Hyunju Kang, and Hyeyoung Kim

Brain Korea 21 PLUS Project, Department of Food and Nutrition, College of Human Ecology, Yonsei University, Seoul, Korea
Correspondence to: Hyeyoung Kim, Department of Food and Nutrition, College of Human Ecology, Yonsei University, 50 Yonsei-ro, Sedaemun-gu, Seoul 03722, Korea, Tel: +82-2-2123-3125, Fax: +82-2-364-5781, E-mail: kim626@yonsei.ac.kr, ORCID: Hyeyoung Kim, http://orcid.org/0000-0002-7019-917X
Received May 24, 2017; Revised May 29, 2017; Accepted May 30, 2017.
This is an Open Access article distributed under the terms of the Creative Commons Attribution Non-Commercial License (http://creativecommons.org/licenses/by-nc/4.0) which permits unrestricted non-commercial use, distribution, and reproduction in any medium, provided the original work is properly cited.
Abstract

Helicobacter pylori is a dominant bacterium living in the human gastric tissues. In H. pylori-infected tissues, the infiltrated inflammatory cells produce reactive oxygen species (ROS), leading to gastric inflammation with production of various mediators. According to numerous epidemiological studies, dietary carotenoids may prevent gastric inflammation due to their antioxidant properties. Recent studies showed that antioxidant and anti-inflammatory effects of astaxanthin and β-carotene may contribute to inhibition of H. pylori-induced gastric inflammation. Astaxanthin changes H. pylori-induced activation of T helper cell type 1 response towards T helper cell type 2 response in the infected tissues. Astaxanthin inhibits the growth of H. pylori. Even though astaxanthin reduces H. pylori-induced gastric inflammation, it does not reduce cytokine levels in the infected tissues. β-Carotene suppresses ROS-mediated inflammatory signaling, including mitogen-activated protein kinases and redox-sensitive transcription factors, and reduces expression of inflammatory mediators, including interleukin-8, inducible nitric oxide synthase, and cyclooxygenase-2 in the infected tissues. Therefore, consumption of astaxanthin- and β-carotene-rich foods may be beneficial to prevent H. pylori-induced gastric inflammation.
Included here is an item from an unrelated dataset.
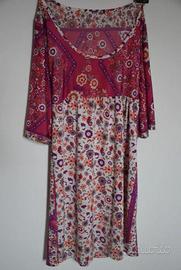 Abito donna floreale giovanile fucsia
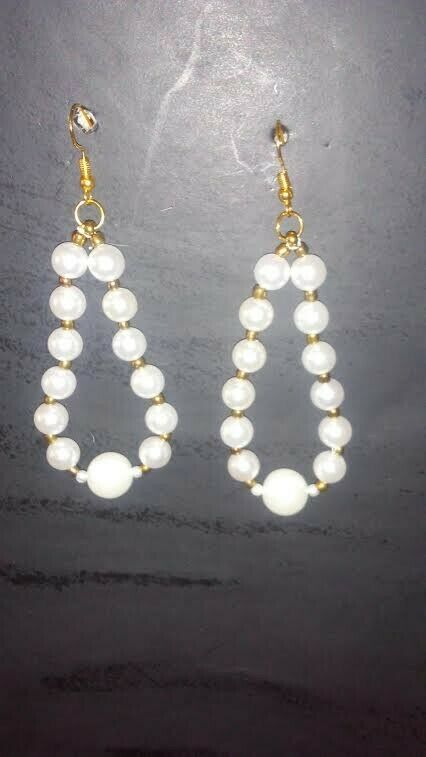Stylish Handmade Beaded Glass Pearls Dangle Earrings ---USA Seller---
This review will summarize anti-inflammatory mechanisms of astaxanthin and β-carotene in H. pylori-mediated gastric inflammation.

Keywords : Astaxanthine, Beta-carotene, Helicobacter pylori, Inflammation
INTRODUCTION

Helicobacter pylori is a Gram-negative and microaerophilic bacterium which has been considered as one of major pathogenetic factors for peptic ulcer disease and gastric cancer.1,2H. pylori stimulates production of reactive oxygen species (ROS), leading to expression of inflammatory mediators as well as imbalance of the apoptotic and proliferative process in the infected tissues.3,4 Oxidative damage indices such as lipid peroxides were higher in gastric mucosa of H. pylori-infected patients compared to the uninfected patients.5 Once H. pylori attaches to host cells, the infiltrated inflammatory cells produce ROS. In addition, H. pyori induces activation of NADPH oxidase, which results in ROS production and activates redox-sensitive signal transduction via NF-κB, activator protein-1 (AP-1), and mitogen activated protein kinases (MAPKs) to induce inflammatory proteins, including interleukin (IL)-8, COX-2, inducible nitric oxide synthase (iNOS), and intercellular adhesion molecule 1 in the infected cells.614 Therefore, scavenging ROS by antioxidants may prevent oxidant-mediated inflammation in H. pylori-infected gastric mucosa.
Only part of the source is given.